- Country: Canada
- Language: English
- Genre(s): short story

Publication
- Published in: Something I've Been Meaning to Tell You
- Publication date: 1974

= How I Met My Husband =

"How I Met My Husband" is a short story written by Alice Munro, first published in 1974 as a part of her collection Something I've Been Meaning to Tell You.

== Plot summary==
The story is about a young girl, Edie, who is hired help for Dr. Peebles and his family. One afternoon while the family is away in town, Edie meets Chris Watters, a pilot who travels from town to town giving rides in his plane for a fee. Edie falls in love with him, but soon learns that he is engaged to another woman, Alice Kelling. Alice is crazy and has been following Chris everywhere in hopes of marrying him. One day while Alice, Mrs. Peebles and the children were away on a picnic, Edie goes to Chris's campsite to talk with him. He reveals to her that he plans on leaving, but promises to write her. They kiss, and he leaves town. When the other women are told by the local gossip Loretta Bird that Chris has left, Alice Kelling verbally abuses Edie under the mistaken impression that Edie and Chris had sex. Mrs. Peebles protects Edie, and Alice leaves too. Edie waits day after day at the mailbox for Chris's letter, which never comes.
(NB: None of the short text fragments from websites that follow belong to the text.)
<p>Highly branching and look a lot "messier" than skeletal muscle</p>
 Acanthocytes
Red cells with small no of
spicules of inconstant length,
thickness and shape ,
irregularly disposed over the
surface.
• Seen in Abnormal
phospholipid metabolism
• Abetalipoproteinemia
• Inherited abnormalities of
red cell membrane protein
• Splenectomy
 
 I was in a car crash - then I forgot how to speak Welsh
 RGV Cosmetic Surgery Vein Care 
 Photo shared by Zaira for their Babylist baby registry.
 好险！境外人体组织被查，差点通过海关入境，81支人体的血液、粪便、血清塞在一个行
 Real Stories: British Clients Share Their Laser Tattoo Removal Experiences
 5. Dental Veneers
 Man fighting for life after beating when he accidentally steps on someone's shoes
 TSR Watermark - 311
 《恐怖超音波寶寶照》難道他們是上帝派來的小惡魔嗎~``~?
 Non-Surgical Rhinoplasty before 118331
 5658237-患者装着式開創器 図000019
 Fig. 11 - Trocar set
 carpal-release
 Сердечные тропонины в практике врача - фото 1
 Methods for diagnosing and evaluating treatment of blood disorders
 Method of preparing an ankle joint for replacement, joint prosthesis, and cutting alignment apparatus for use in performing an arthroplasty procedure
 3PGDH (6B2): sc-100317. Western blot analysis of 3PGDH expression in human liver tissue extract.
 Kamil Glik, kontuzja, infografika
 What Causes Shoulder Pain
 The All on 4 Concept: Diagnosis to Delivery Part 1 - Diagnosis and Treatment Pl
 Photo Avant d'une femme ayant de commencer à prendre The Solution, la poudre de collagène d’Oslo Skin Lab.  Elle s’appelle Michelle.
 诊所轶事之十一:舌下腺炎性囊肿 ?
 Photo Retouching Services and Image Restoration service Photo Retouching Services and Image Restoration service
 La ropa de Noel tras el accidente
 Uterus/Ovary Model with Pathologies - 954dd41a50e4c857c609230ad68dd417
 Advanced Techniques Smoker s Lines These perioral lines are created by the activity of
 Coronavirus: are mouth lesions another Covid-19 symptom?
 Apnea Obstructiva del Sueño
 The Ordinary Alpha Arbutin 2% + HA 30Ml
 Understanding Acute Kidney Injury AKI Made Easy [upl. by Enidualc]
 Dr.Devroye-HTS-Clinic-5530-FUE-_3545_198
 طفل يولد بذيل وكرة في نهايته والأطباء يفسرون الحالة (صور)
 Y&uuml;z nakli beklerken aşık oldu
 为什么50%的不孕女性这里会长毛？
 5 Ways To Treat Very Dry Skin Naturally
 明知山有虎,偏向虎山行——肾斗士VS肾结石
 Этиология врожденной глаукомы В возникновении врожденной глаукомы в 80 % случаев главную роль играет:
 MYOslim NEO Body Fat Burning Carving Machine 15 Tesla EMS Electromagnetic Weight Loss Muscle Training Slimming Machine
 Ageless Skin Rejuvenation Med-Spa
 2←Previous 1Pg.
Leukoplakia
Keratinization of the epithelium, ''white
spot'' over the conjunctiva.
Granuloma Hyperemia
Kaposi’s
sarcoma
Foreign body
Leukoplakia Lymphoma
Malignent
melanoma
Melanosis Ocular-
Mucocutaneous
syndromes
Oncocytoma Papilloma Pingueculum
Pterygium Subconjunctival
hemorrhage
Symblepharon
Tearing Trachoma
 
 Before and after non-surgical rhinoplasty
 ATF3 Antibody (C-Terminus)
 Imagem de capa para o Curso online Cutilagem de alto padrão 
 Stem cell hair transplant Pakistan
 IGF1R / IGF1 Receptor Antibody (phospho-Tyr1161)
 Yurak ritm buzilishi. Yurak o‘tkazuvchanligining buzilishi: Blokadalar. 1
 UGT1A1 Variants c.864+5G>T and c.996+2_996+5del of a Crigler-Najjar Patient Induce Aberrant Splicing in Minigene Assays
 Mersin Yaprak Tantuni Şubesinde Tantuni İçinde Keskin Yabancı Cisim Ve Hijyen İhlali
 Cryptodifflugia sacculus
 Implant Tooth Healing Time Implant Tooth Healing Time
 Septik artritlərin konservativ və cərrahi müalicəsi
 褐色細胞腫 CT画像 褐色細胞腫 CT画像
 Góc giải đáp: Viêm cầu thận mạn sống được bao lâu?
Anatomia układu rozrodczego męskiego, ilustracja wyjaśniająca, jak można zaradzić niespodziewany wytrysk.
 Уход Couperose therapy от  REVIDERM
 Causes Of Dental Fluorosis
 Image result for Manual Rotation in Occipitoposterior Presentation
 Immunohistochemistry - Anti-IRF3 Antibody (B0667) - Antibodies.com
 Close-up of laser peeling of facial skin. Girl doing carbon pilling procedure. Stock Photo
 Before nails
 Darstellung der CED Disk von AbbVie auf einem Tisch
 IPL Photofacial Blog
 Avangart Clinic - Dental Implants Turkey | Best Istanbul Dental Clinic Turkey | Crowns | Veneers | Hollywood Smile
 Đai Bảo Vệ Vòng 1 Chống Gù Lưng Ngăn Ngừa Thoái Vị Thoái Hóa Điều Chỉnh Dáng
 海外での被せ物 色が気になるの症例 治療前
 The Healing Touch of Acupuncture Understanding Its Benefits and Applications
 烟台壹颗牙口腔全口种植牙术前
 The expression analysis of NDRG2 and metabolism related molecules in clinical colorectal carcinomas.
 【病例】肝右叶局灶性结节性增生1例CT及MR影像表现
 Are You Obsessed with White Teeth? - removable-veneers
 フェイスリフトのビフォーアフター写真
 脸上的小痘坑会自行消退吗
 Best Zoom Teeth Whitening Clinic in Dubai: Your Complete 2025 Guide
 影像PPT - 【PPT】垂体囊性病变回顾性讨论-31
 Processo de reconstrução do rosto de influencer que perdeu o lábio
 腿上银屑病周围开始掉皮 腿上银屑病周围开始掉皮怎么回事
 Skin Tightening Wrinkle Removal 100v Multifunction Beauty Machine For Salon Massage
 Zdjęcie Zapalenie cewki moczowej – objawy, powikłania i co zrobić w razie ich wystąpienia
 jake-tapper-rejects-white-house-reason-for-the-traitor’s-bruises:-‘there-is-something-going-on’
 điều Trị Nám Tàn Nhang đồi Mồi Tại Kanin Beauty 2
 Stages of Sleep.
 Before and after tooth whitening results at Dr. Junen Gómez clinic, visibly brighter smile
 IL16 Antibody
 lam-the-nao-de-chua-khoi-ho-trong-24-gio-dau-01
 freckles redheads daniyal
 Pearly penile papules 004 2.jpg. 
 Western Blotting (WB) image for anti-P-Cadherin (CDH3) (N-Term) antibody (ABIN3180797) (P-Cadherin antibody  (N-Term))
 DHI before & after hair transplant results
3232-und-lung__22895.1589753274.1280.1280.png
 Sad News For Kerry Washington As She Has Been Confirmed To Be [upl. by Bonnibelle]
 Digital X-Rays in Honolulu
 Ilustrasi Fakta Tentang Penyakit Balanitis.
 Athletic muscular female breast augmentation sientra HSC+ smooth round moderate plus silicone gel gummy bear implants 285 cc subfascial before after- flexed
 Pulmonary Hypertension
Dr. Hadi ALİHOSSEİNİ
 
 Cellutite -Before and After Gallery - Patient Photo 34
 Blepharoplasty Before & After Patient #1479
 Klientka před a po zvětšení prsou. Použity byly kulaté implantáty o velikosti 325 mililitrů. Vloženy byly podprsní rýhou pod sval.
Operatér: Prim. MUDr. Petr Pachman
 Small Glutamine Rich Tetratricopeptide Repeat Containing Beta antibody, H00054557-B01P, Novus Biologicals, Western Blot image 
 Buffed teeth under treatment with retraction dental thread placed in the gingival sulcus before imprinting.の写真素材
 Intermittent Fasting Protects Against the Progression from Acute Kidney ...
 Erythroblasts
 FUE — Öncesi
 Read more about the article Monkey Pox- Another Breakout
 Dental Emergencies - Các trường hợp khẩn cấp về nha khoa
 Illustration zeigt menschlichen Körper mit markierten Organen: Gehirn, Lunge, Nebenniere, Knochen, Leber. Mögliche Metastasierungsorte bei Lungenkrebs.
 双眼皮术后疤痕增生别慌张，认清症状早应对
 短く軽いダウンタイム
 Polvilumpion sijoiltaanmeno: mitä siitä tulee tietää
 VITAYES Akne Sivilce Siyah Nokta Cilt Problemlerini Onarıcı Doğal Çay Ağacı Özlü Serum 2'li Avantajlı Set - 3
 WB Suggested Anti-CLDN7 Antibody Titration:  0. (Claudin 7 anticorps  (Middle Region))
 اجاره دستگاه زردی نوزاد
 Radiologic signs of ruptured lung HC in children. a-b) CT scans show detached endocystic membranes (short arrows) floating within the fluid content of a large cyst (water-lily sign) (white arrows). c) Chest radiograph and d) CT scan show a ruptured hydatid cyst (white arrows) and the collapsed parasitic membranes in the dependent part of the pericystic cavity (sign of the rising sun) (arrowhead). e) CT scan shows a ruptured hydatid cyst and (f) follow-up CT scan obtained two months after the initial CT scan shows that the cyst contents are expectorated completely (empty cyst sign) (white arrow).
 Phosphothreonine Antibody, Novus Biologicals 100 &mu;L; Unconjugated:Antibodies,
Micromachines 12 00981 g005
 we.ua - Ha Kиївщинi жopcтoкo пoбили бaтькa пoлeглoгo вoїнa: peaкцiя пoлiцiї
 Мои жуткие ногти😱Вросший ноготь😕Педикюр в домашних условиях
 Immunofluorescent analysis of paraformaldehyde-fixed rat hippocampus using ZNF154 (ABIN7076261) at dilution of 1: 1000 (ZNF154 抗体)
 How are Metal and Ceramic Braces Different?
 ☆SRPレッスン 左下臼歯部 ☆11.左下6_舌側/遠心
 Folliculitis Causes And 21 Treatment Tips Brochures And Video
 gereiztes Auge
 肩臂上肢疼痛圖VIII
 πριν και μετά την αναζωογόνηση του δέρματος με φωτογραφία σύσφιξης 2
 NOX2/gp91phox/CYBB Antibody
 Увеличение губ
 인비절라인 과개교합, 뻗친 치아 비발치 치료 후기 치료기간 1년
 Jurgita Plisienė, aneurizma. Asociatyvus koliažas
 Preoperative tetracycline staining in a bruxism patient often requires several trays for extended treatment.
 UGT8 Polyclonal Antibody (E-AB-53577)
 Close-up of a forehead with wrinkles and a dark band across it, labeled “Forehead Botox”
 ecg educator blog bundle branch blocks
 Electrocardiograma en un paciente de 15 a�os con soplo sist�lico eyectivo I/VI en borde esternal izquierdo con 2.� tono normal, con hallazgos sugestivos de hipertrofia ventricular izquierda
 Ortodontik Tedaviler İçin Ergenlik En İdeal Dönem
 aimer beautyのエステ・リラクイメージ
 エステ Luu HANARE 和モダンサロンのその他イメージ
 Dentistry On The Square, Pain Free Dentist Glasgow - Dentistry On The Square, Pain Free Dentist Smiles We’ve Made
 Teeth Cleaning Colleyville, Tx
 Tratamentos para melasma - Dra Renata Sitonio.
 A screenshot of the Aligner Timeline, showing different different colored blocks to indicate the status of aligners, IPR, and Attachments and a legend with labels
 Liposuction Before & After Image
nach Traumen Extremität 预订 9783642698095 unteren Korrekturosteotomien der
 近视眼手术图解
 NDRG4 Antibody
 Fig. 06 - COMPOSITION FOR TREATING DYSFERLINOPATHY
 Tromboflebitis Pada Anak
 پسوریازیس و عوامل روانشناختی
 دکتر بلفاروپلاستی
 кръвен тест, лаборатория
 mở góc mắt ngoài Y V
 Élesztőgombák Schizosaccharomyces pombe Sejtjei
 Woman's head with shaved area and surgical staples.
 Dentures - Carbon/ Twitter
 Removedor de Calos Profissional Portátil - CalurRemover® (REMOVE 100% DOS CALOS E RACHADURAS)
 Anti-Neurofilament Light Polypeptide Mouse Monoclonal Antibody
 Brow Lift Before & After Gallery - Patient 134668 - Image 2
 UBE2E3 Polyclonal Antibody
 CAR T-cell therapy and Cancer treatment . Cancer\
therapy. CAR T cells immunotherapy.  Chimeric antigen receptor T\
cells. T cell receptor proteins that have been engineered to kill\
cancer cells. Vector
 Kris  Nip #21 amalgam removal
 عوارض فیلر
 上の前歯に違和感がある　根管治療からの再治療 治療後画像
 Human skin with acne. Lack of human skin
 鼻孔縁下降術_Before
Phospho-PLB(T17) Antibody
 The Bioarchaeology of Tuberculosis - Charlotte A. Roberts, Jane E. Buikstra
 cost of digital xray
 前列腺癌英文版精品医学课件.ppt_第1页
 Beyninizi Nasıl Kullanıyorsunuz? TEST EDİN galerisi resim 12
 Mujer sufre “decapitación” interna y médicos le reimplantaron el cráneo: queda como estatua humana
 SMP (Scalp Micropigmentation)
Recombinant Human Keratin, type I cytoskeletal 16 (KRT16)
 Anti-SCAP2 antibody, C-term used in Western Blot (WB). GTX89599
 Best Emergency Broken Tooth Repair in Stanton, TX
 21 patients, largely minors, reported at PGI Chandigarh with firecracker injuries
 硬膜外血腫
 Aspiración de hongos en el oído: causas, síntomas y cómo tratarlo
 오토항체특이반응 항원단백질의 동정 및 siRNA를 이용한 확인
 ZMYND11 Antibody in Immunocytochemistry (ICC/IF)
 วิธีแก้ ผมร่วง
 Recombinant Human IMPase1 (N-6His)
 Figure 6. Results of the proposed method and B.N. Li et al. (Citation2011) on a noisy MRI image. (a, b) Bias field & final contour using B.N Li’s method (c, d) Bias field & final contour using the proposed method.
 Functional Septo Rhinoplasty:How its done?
Eventually, Edie realizes Chris will never write and marries the mailman, who believes that she waited by the mailbox for him every day, although Edie never tells him that she had waited for Chris because she likes "for people to think what pleases them and makes them happy."

==Adaptations==
The short story was adapted as a play of the same name, and staged at the Blyth Festival. It was also adapted as part of the 1988 anthology film Martha, Ruth and Edie, alongside short stories by Cynthia Flood and Betty Lambert.